→ **What you are asked to do**:
Each line of the data below that carries the word "style" needs to be copied.

→ **Data to examine**:
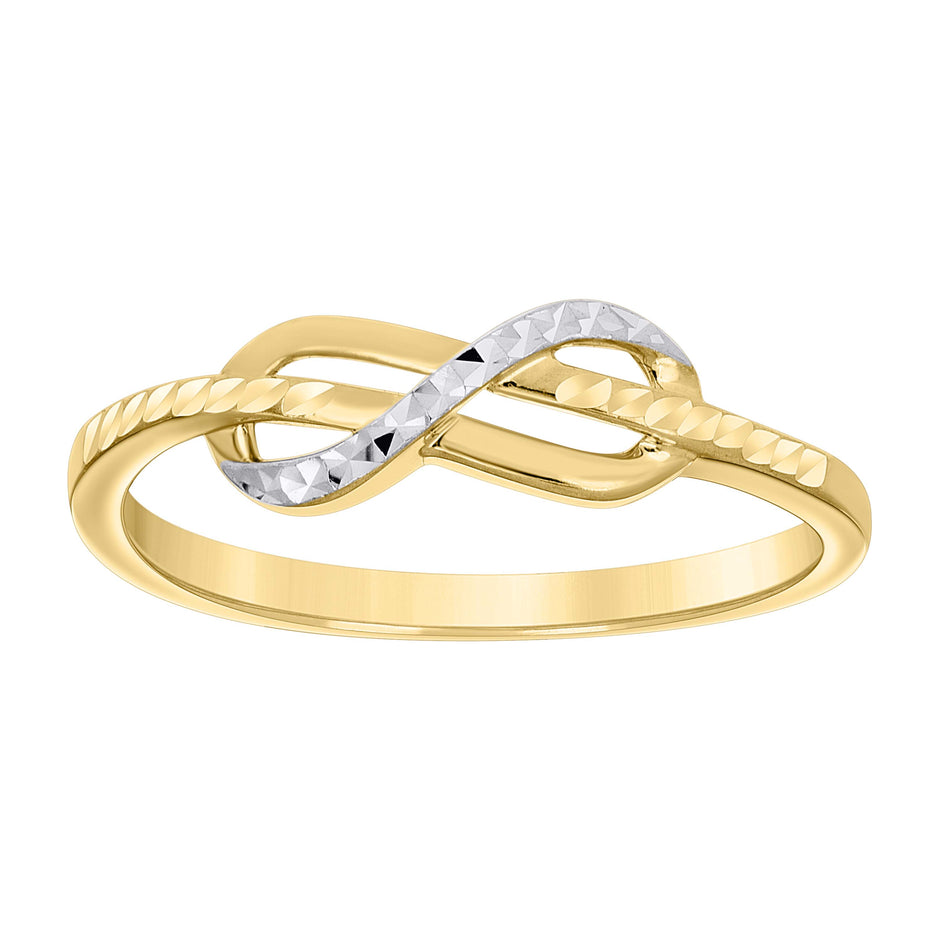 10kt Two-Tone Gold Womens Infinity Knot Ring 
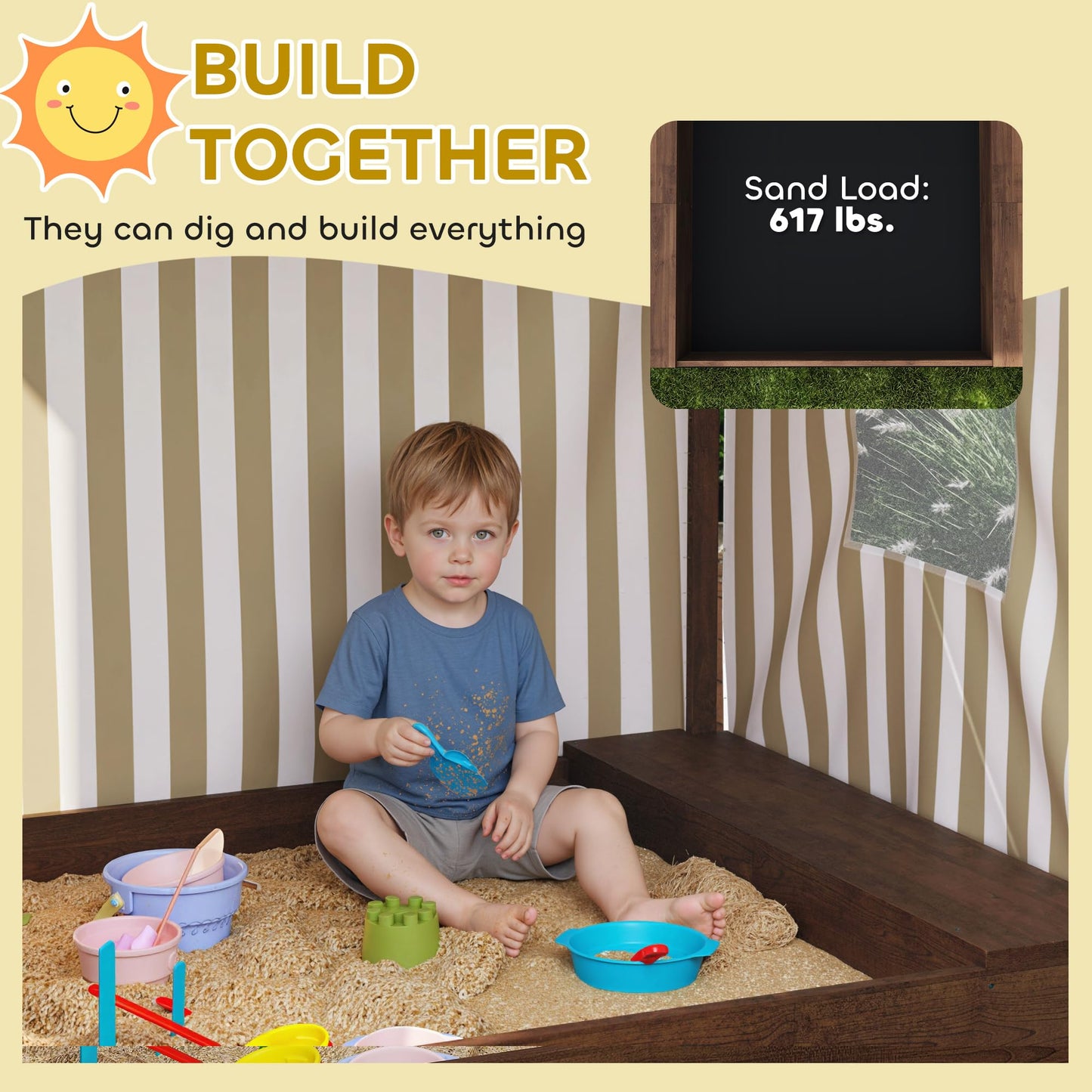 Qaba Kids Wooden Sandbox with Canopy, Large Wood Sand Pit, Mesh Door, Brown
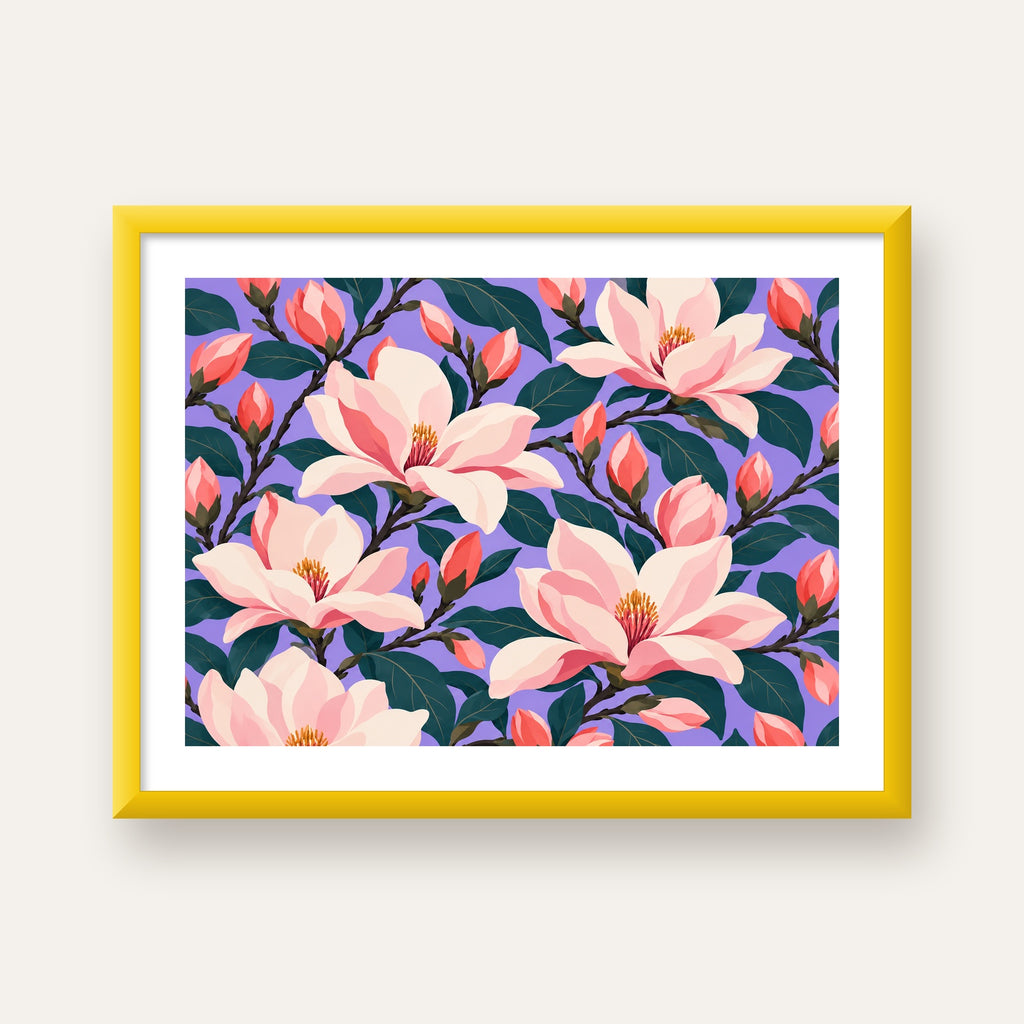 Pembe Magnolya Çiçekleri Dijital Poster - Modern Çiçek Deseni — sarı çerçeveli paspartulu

--

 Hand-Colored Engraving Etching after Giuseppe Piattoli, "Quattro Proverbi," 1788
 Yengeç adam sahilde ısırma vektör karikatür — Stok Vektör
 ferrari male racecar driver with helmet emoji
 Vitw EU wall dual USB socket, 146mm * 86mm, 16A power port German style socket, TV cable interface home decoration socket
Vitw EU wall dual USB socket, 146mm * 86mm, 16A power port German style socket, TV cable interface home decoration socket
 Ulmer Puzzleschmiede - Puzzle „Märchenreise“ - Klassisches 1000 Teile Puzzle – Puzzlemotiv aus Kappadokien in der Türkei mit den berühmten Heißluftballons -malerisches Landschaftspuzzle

→ **Answer area**:
 Vitw EU wall dual USB socket, 146mm * 86mm, 16A power port German style socket, TV cable interface home decoration socket
Vitw EU wall dual USB socket, 146mm * 86mm, 16A power port German style socket, TV cable interface home decoration socket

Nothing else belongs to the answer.